1993年01月号/第54号  [ずいそう]    

スポーツの倉
挽地 喬子 (ひきちきょうこ ・ 北海道婦人スポーツ連盟理事長)

「先生。テニスで出歩かなかったら、今ごろ倉がたってたんでない?」。

そんな財産家ではないから心配はないが、口の悪い友だちに言われたとおり、ラケット片手に出歩いたものである。

教職は42年で終止符。それを上まわるソフトテニス生活は、48年目に入った。

国体、全日本大会、レディース大会、そして外国遠征など、数えると津軽の海を越えたのは3けたの数にもなるだろうか。つい先日、外国遠征7回目の韓国から帰国したばかりである。

私は、この長いスポーツ生活で国内・国外を問わず、数多くの友を得た。特に教師だった私にとって、教職以外の人びととのおつき合いにより別の角度からいろいろと学びえたことは、まさにスポーツが宝とも言うべきであろう。

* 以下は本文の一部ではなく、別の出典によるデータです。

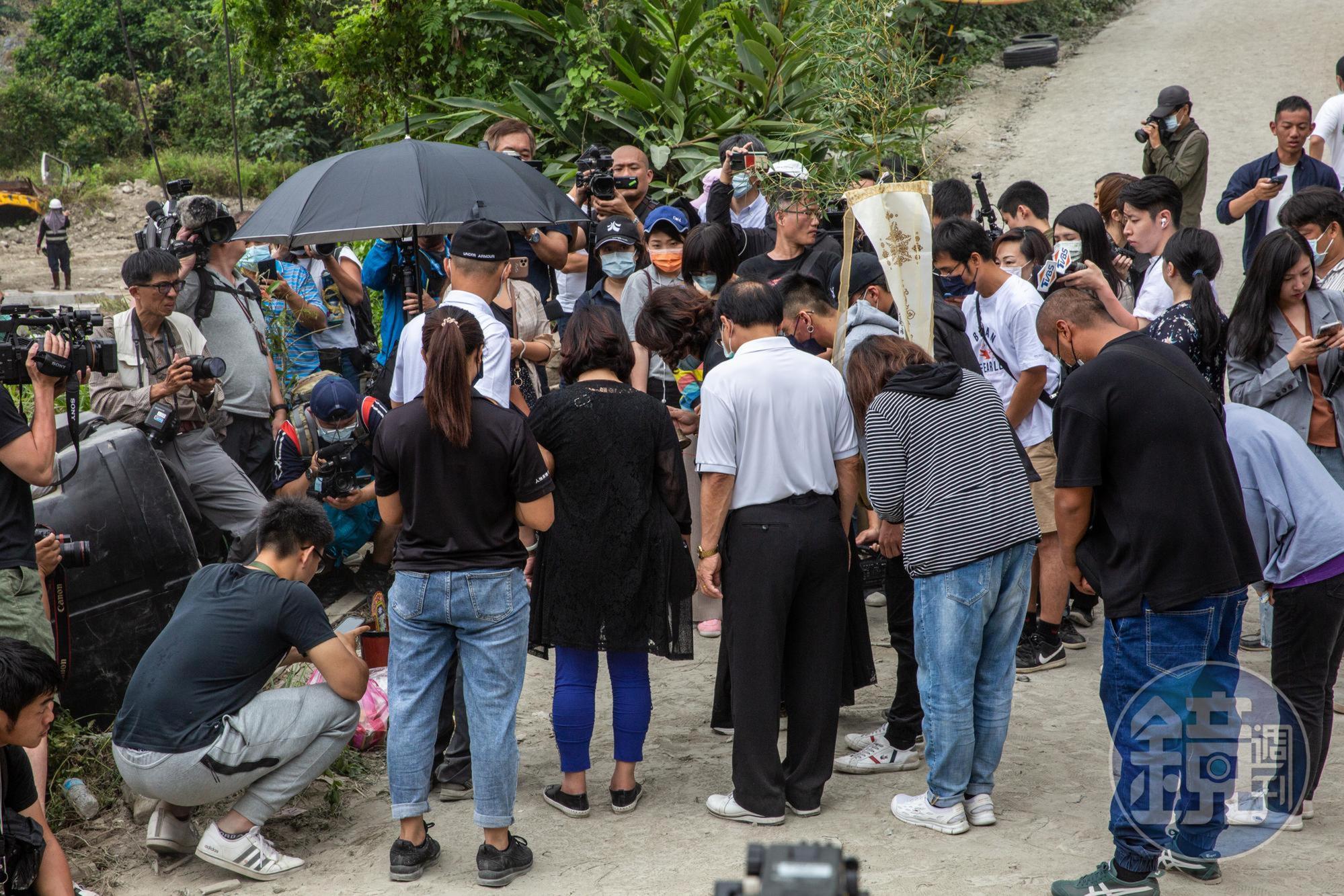 太魯閣號出軌事件發生後,死者家屬前往意外現場進行招魂,悲痛不已。(本刊資料照)
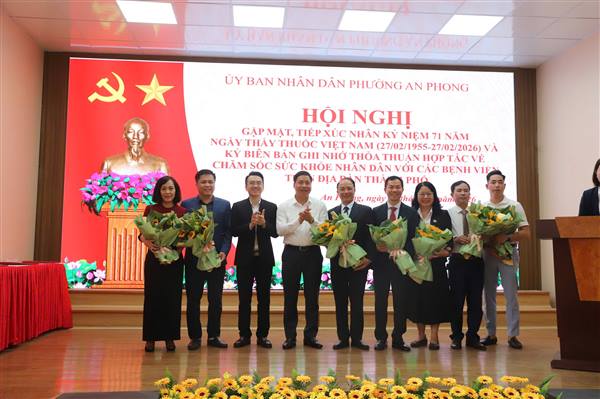 Phường An Phong (TP Hải Phòng) tri ân đội ngũ thầy thuốc, ký kết hợp tác chăm sóc sức khỏe Nhân dân
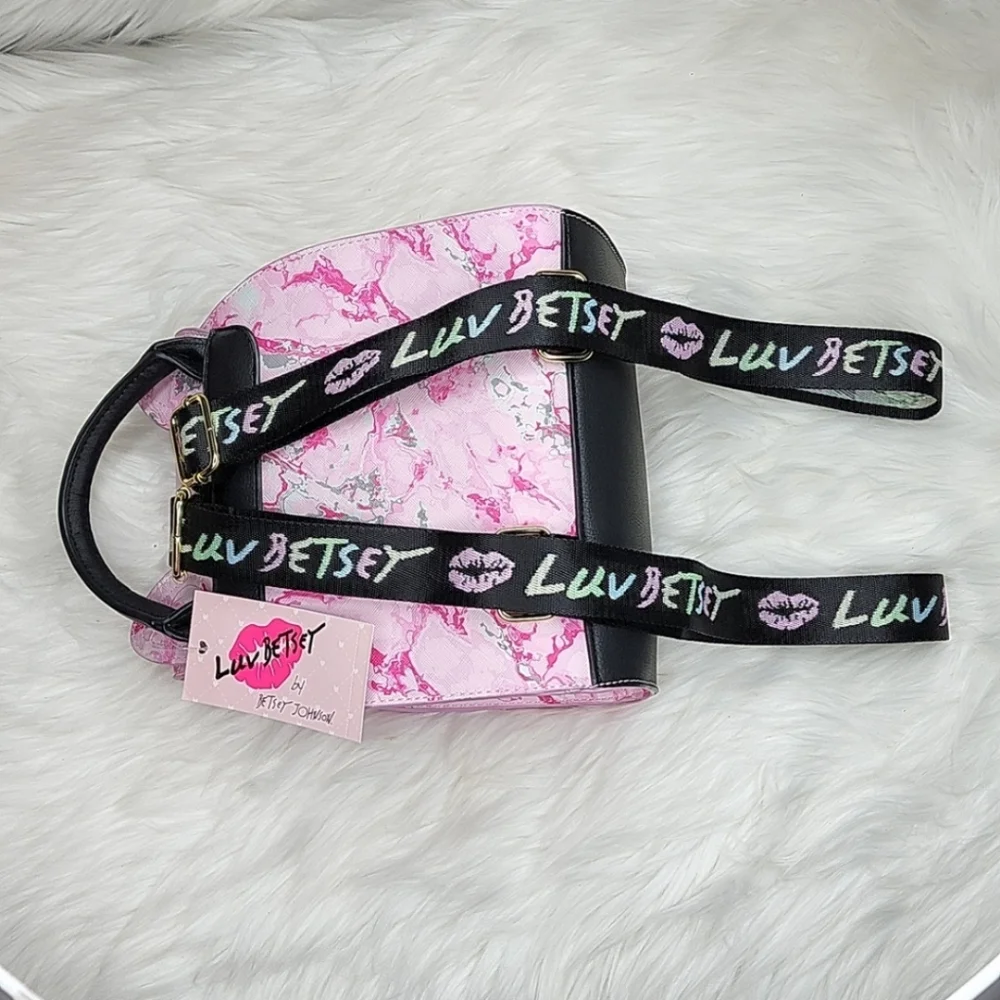 Betsey Johnson betsey johnson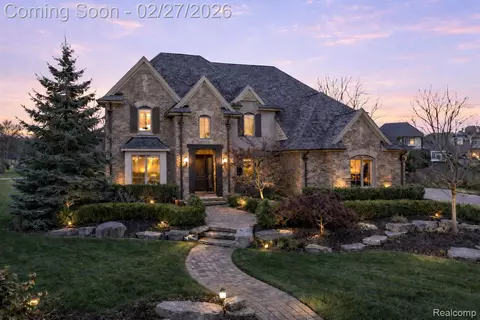 3575 Royal Berkshire Ln, Oakland, MI 48363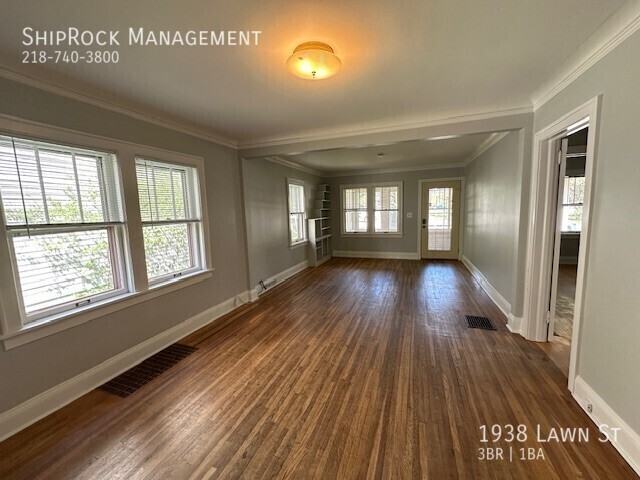 1938 Lawn St - Photo 2 of 36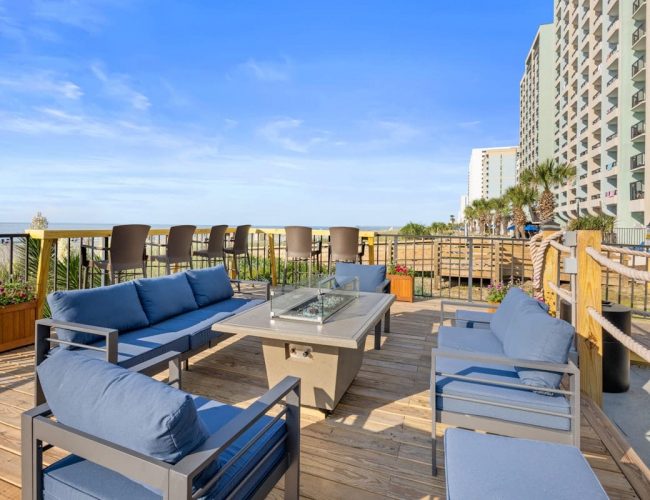 Tiki Hut & Fire Pit Lounge Area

婦人スポーツの仲間に入れていただいて、18年目となる。「テニスのかっこよさにあこがれて、レジャーのように思っている人が多いかもしれませんね。レジャーであっても、正しい基礎を覚えなければ長続きもしないし、本当の楽しさもわからないのではないでしょうか。基礎を身につけると面白味もぐんと増すし、奥深く追求する気にもなる。始めるからには、真剣に取り組んでほしいですね」。

数多くの指導の機会に一貫して言い続けてきたことばは「基礎を」であり、それがいくつになっても楽しめるスポーツになることを身をもって学んだからである。

試合に勝つためには、最大限の努力をし、自分に打ち勝たねばならないこと、そこから厳しさが生まれること、またルールを守ることによってスポーツマンシップが生まれてくることなどである。

『和と信頼』・『根性』・『基礎・基本』多くの人びとに支えられ、そして自分も頑張ったスポーツ人生。自分の体験からにじみ出た校長時代の学校経営方針であった。

数多く出歩いたお蔭で、スポーツで学び得た宝が、わが胸倉にびっしり入っているのである。